Task to complete —
Reproduce the records below exactly from their first line through the line containing "Fabsome Bathroom Drawer Organizer, ...", omitting all pictures.

(Source data)
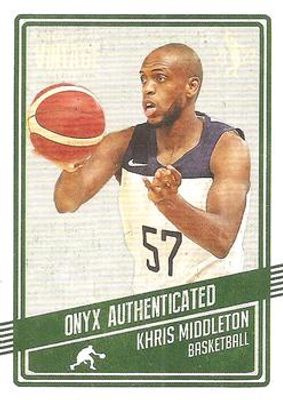 2021 Onyx Vintage #VBKH Base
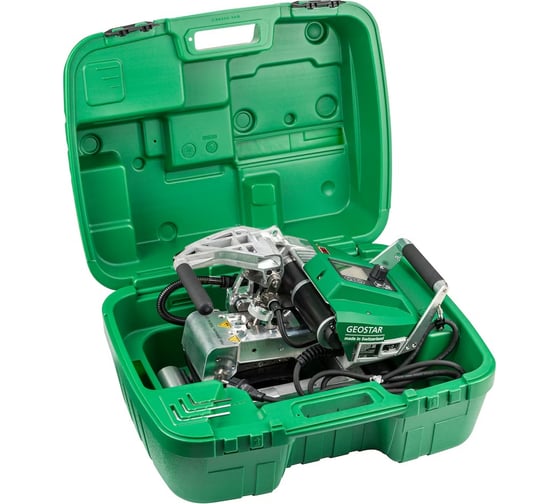 Сварочный автомат горячего клина Leister GEOSTAR G7 151.035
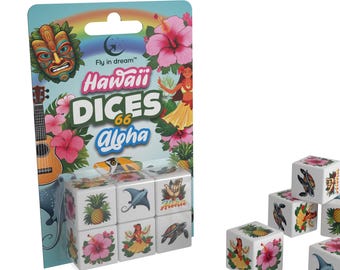 Dices 66 - Aloha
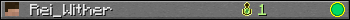 Benutzerleisten 350x20 für Rei_Wither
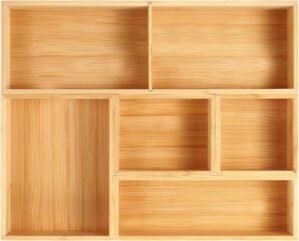 Fabsome Bathroom Drawer Organizer, ...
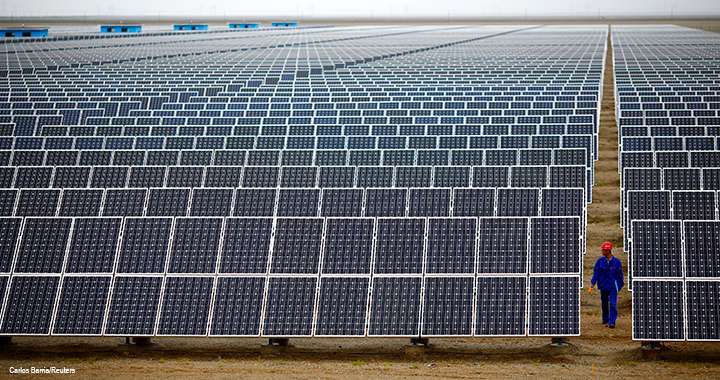 CLIMATE-IPCC/ WEF highlights $10 trillion in sustainable business opportunities
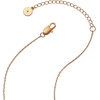 ALEX AND ANI Lady Bug Pendant, Brass Shiny Gold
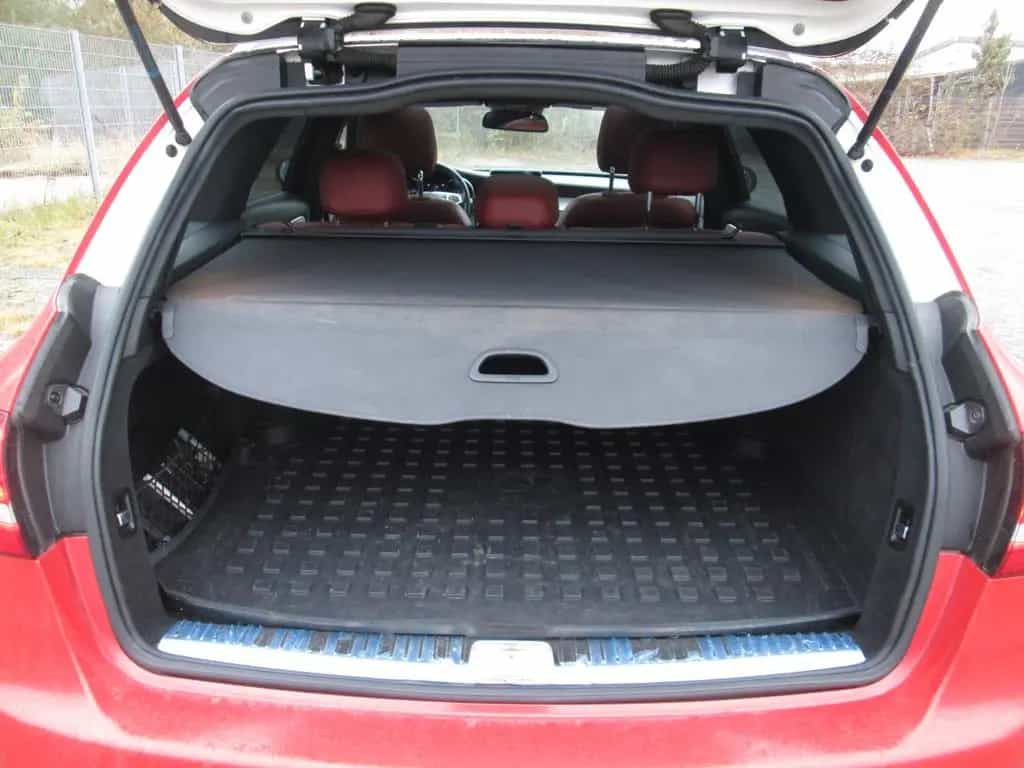 Mercedes-Benz C 200 T AMG Line / el.Sitze / KLIMA / 1.Hand 04/2016-photo-12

Exercise output —
 2021 Onyx Vintage #VBKH Base
 Сварочный автомат горячего клина Leister GEOSTAR G7 151.035
 Dices 66 - Aloha
 Benutzerleisten 350x20 für Rei_Wither
 Fabsome Bathroom Drawer Organizer, ...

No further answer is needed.